RFS: Request for Startups
I’m generally intrigued with Y Combinator, an incubator for startups, but this new angle is especially interesting. Yesterday Paul Graham announced Request for Startups, which describes a specific idea they’d like to see startup teams address and apply to build. As he explained, “There are a lot of startup ideas we’ve been waiting for people to apply with, sometimes for years. Recently we tried hinting at some of them, and that has yielded results. So now we’re going to try being more direct: we’re going to issue numbered RFSes with more details about the idea, and suggestions about the sort of group that would be a good match for it. Groups applying to YC will be able to specify on the application form if they’re responding to a particular RFS.”
The first RFS is The Future of Journalism and asks, ” What would a content site look like if you started from how to make money–as print media once did–instead of taking a particular form of journalism as a given and treating how to make money from it as an afterthought?”

Hi, I'm 
This is a really interesting idea. It somewhat dovetails with one I’ve been kicking around lately, namely the crowdsourcing of problems.
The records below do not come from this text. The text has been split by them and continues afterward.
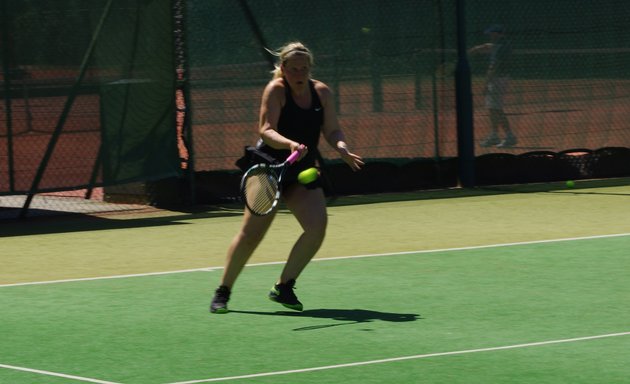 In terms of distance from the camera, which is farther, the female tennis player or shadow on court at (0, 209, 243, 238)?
shadow on court at (0, 209, 243, 238)

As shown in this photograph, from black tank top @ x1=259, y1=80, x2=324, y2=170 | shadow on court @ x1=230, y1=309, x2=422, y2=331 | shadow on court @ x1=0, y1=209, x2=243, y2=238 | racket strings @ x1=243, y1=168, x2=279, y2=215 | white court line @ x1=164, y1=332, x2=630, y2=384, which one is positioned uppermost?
black tank top @ x1=259, y1=80, x2=324, y2=170

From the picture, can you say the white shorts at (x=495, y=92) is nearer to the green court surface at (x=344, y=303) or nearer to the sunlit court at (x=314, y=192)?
the sunlit court at (x=314, y=192)

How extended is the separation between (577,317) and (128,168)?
7201 millimetres

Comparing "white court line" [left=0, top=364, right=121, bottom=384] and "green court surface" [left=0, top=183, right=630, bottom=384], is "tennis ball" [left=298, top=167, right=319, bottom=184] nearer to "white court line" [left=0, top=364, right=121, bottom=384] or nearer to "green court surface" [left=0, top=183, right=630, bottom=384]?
"green court surface" [left=0, top=183, right=630, bottom=384]

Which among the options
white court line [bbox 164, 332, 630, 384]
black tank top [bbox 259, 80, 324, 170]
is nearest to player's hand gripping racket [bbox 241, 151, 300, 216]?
black tank top [bbox 259, 80, 324, 170]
One thing that businesses spend inordinate amounts of time on (as do innovators in general) is trying to determine what problems are out there (old and new) that need a solution. I won’t get into it in this space, but they spend oodles of money trying to figure out what needs fixing so they can set their sights on designing a marketable solution and often times the design of their research leaves them with a skewed point of view. The missing element would seem to be a crowdsourced approach to problem generation, rather than the solution (although that could be a viable next step).
To me, the idea of an incubator or VC providing the problem to be solved is interesting, but at the same time I wonder if overall we wouldn’t be well served with a community approach to problem identification and then a race by startups to come up with innovative answers to those problems.